Derived purely from OHLCV price columns. These capture trend, momentum, and volatility from the price series itself.

| Feature | Formula | Lookback | |---------|---------|----------| | log_return | ln(close_t / close_{t-1}) | 1 bar | | abs_return | abs(log_return) | 1 bar | | return_volatility | std(log_return, N) | 20 bars | | momentum_N | close_t / close_{t-N} - 1 | 5, 10, 20 | | acceleration | momentum_5 - momentum_5[5] | 10 bars | | high_low_range | (high - low) / close | 1 bar | | close_position | (close - low) / (high - low) | 1 bar | | gap | open_t / close_{t-1} - 1 | 1 bar | | rolling_skew | skew(log_return, N) | 20 bars | | rolling_kurtosis | kurtosis(log_return, N) | 20 bars |

2. Volume Features

Volume confirms or contradicts price movements. Divergences between price and volume are among the most reliable signals in short-term trading.

| Feature | Formula | Lookback | |---------|---------|----------| | volume_ratio | volume_t / mean(volume, N) | 20 bars | | volume_ma_ratio | sma(volume, 5) / sma(volume, 20) | 20 bars | | obv_slope | slope(OBV, N) | 10 bars | | vwap_deviation | (close - VWAP) / VWAP | intraday | | volume_acceleration | volume_ratio_t - volume_ratio_{t-1} | 21 bars | | buy_volume_ratio | buy_volume / total_volume | 1 bar | | dollar_volume | close * volume | 1 bar | | volume_cv | std(volume, N) / mean(volume, N) | 20 bars |

3. Technical Features

Standard technical indicators computed via pandas-ta. Use the pandas-ta skill for full parameter documentation.

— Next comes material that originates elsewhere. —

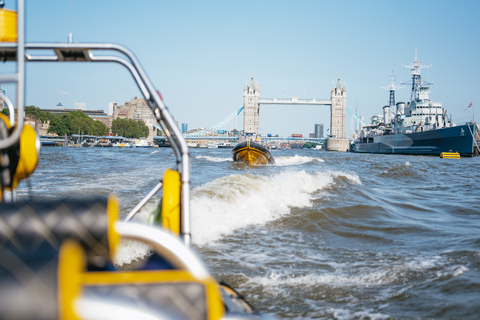 London: 45-Minute Speedboat Sightseeing Tour London: 45-Minute Speedboat Sightseeing Tour - WESTMINSTER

| Feature | Source | Lookback | |---------|--------|----------| | rsi | RSI(14) | 14 bars | | macd_histogram | MACD(12,26,9) histogram | 33 bars | | bb_position | (close - BB_lower) / (BB_upper - BB_lower) | 20 bars | | bb_width | (BB_upper - BB_lower) / BB_mid | 20 bars | | atr_ratio | ATR(14) / close | 14 bars | | adx | ADX(14) | 14 bars | | stoch_k | Stochastic %K(14,3) | 14 bars | | cci | CCI(20) | 20 bars | | mfi | MFI(14) | 14 bars | | supertrend_direction | Supertrend direction (+1/-1) | 10 bars |

4. Microstructure Features

Derived from trade-level data (individual swaps/transactions). Require on-chain or DEX API data.

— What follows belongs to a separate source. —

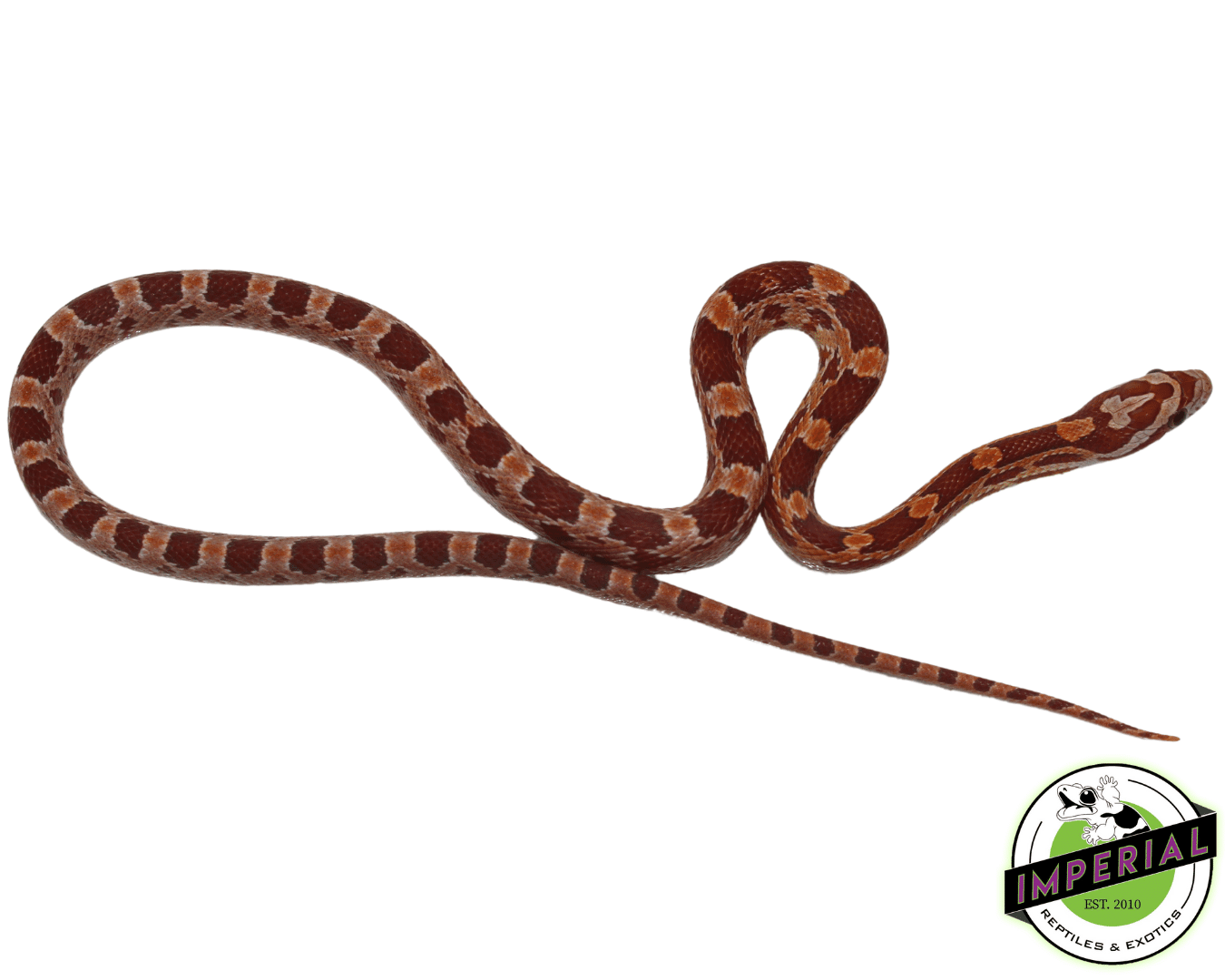 Blood Red Corn Snake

| Feature | Description | |---------|-------------| | trade_count_ratio | Trades this bar / avg trades per bar | | avg_trade_size | Mean trade size in USD | | large_trade_pct | % of volume from trades > $10k | | unique_traders | Count of distinct wallet addresses | | buy_count_ratio | Buy trades / total trades | | trade_size_entropy | Shannon entropy of trade size distribution |

5. On-Chain Features

Derived from blockchain state changes. Require Helius or Solana RPC data.

| Feature | Description | |---------|-------------| | holder_count_change | Change in unique holders over N periods | | whale_net_flow | Net tokens moved by top-10 holders | | token_velocity | Transfer volume / circulating supply | | liquidity_change | Change in DEX liquidity pool TVL |

6. Cross-Asset Features

Capture relationships between the target token and broader market.

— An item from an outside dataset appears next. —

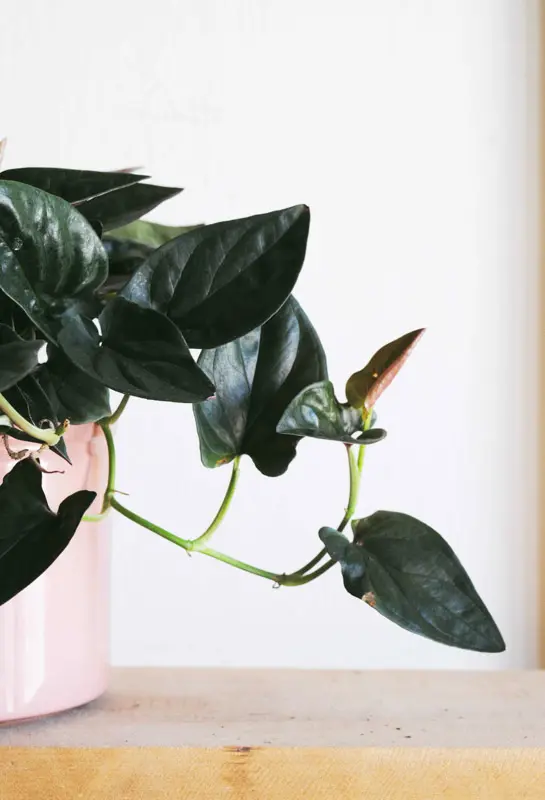 Syngonium Erythrophyllum Red Arrow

| Feature | Description | |---------|-------------| | sol_correlation | Rolling correlation with SOL price | | btc_beta | Rolling beta to BTC returns | | sector_momentum | Average return of tokens in same sector |

7. Time Features

Cyclical encoding of calendar time. Use sin/cos encoding to preserve cyclical continuity (hour 23 is close to hour 0).

import numpy as np

hour_sin = np.sin(2 * np.pi * hour / 24)
hour_cos = np.cos(2 * np.pi * hour / 24)
day_of_week = np.sin(2 * np.pi * day / 7)

Stationarity

Non-stationary features will cause your model to fail on new data. A feature is stationary if its statistical properties (mean, variance) don't change over time.

Testing for Stationarity

Use the Augmented Dickey-Fuller (ADF) test:

from scipy.stats import adfuller

result = adfuller(feature_series.dropna())
p_value = result[1]
is_stationary = p_value < 0.05

Making Features Stationary

| Non-Stationary | Stationary Transform | |----------------|---------------------| | Price | Log return | | Volume | Volume ratio (vol / avg vol) | | OBV | OBV slope (regression coefficient) | | Holder count | Holder count change | | RSI | Already stationary (bounded 0-100) | | Dollar volume | Dollar volume / rolling mean |

Rule: If a feature trends upward or downward over time, it is non-stationary. Transform it into a ratio, difference, or rate of change.

Normalization

After computing features, normalize them so that all features have comparable scales. This is critical for distance-based models (KNN, SVM) and helpful for tree models.

| Method | Formula | When to Use | |--------|---------|-------------| | Z-score | (x - mean) / std | Gaussian-like distributions | | Min-max | (x - min) / (max - min) | Bounded features (RSI, BB position) | | Rank | rank(x) / len(x) | Heavy-tailed distributions |

Critical: Use rolling statistics for normalization. Never use full-sample mean/std — that introduces lookahead bias.

# CORRECT: rolling z-score
z = (feature - feature.rolling(60).mean()) / feature.rolling(60).std()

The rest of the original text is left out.